>>>

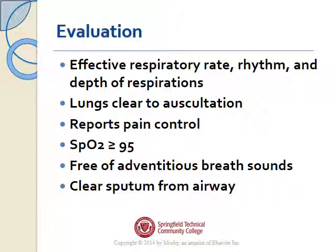For evaluation, assess the patient's respiratory rate, rhythm, and depth. They should have clear lungs to auscultation, report controlled pain with the ability to inspire deeply and cough effectively. Oxygen saturations should be above 95%, barring any underlying respiratory illness like COPD. You want no ronchi or friction rub on auscultation, and the patient should be able to clear sputum easily with an effective cough.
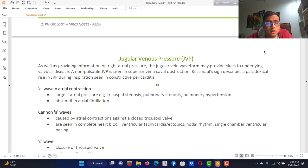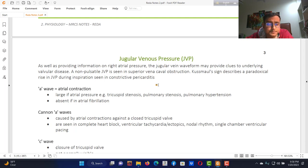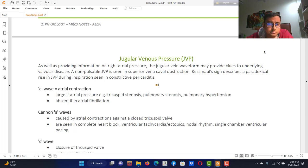The obstruction can be anywhere along the pathway up to the lung — including the pulmonary trunk, right ventricle, right atrium, superior vena cava, brachiocephalic vein, and surrounding areas like the apex of the lung or mediastinal areas. These are all causes of increased jugular venous pressure.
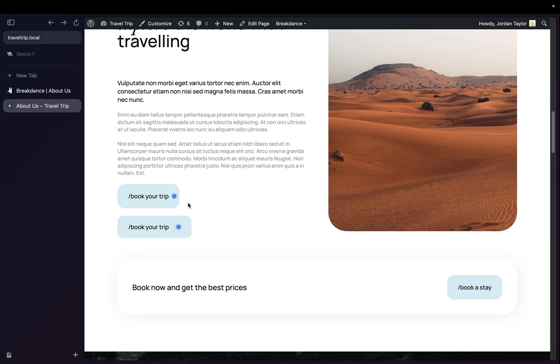These are just two quick examples on how to use the Pulse Element. You can use it beyond buttons or beyond links. Maybe you want to bring attention to a map or an image. However you want to use the Pulse Element is completely up to you.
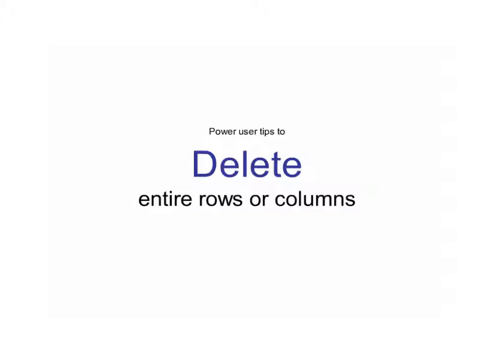Deleting entire rows or columns is by far the most dangerous thing that you can do, and it's usually a bad idea — we're not even going to teach you how to do it. It's usually a far better idea to hide columns or rows that you don't want to use.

<<<

> [Task instructions] Write out, word for word, the lines running from the one containing "These are just" to the end of the data above; the pictures are to be left out.

> [Solution for this task]
These are just two quick examples on how to use the Pulse Element. You can use it beyond buttons or beyond links. Maybe you want to bring attention to a map or an image. However you want to use the Pulse Element is completely up to you.
Deleting entire rows or columns is by far the most dangerous thing that you can do, and it's usually a bad idea — we're not even going to teach you how to do it. It's usually a far better idea to hide columns or rows that you don't want to use.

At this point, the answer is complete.